Key open problems: The Bayesian framework leaves open how to choose the model class M and prior w_ν. Subjective, objective, universal, and sets-of priors are the key choices [P06usp].
Applications are abundant, e.g. density estimation and regression, feature selection, dependency networks; handling small sample sizes. It is intended to adapt and further develop [P07pcreg] within a joint SNF grant requested with the Oncology Institute of Southern Switzerland (IOSI) and apply it to microarray-CGH data for determining cancer relevant genes.

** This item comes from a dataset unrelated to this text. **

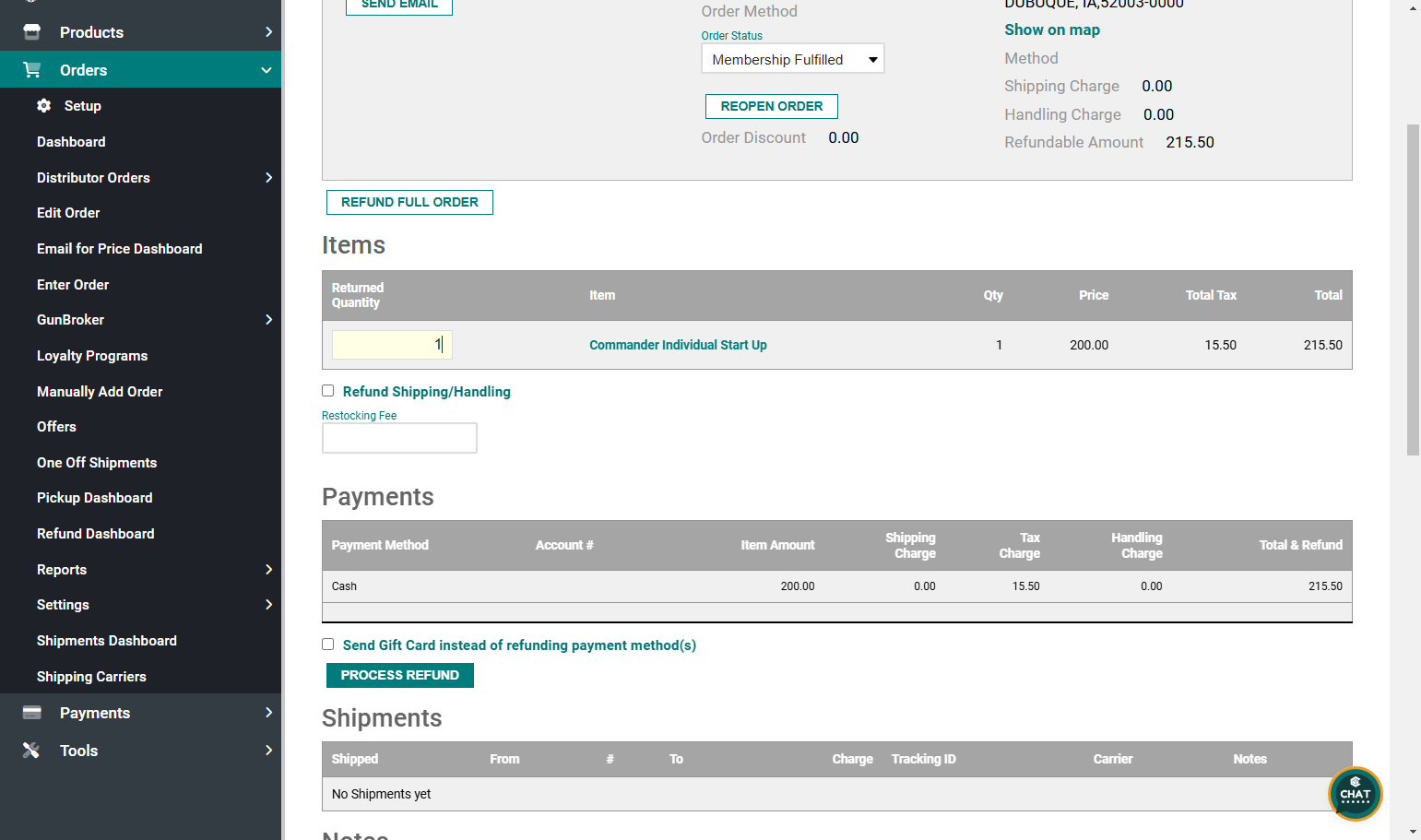 Click on PROCESS REFUND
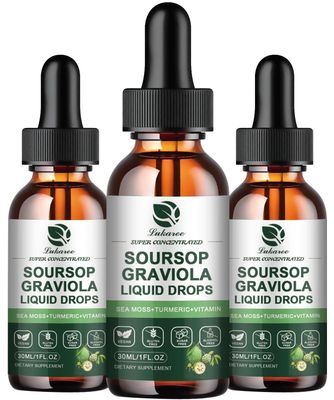 (3 Pack) Soursop Graviola Leaf Extract Liquid Drop Plus Pure Botanical Sea Moss for Cell Support Regeneration, Immunity, Liver, Zzz Antioxidant - Soursop Bitters Liquid, 90 Day Supply, 1 Fl Oz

Information theory. Shannon entropy is the standard measure of the information rate of a stochastic source. The mutual information between two random variables is defined similarly, and is the default (in)dependency measure. If the true probabilities are unknown, they are typically estimated from observed relative frequencies. The resulting empirical mutual information is then itself a random variable. For robust or credible estimates, rather than risky average predictions, not only the mean but also quantiles or variances are needed. These and higher moments under a second order Dirichlet prior have been derived [P01xentropy], successfully used for robust feature selection [P02feature], and extended to the case of incomplete data [P03mimiss,P05mifs]. For the Imprecise Dirichlet Model, which goes beyond Bayes, a comprehensive collection of analytical formulae for computing robust intervals of entropy, mutual information and other quantities has been derived [P03idm] and applied to infer robust trees [P05tree].
Key open problems: better treatment of incomplete observations; efficient approximations; principles for choosing acceptance/rejection thresholds.
Example applications: safety critical areas such as planning and designing medical treatments and atomic reactors.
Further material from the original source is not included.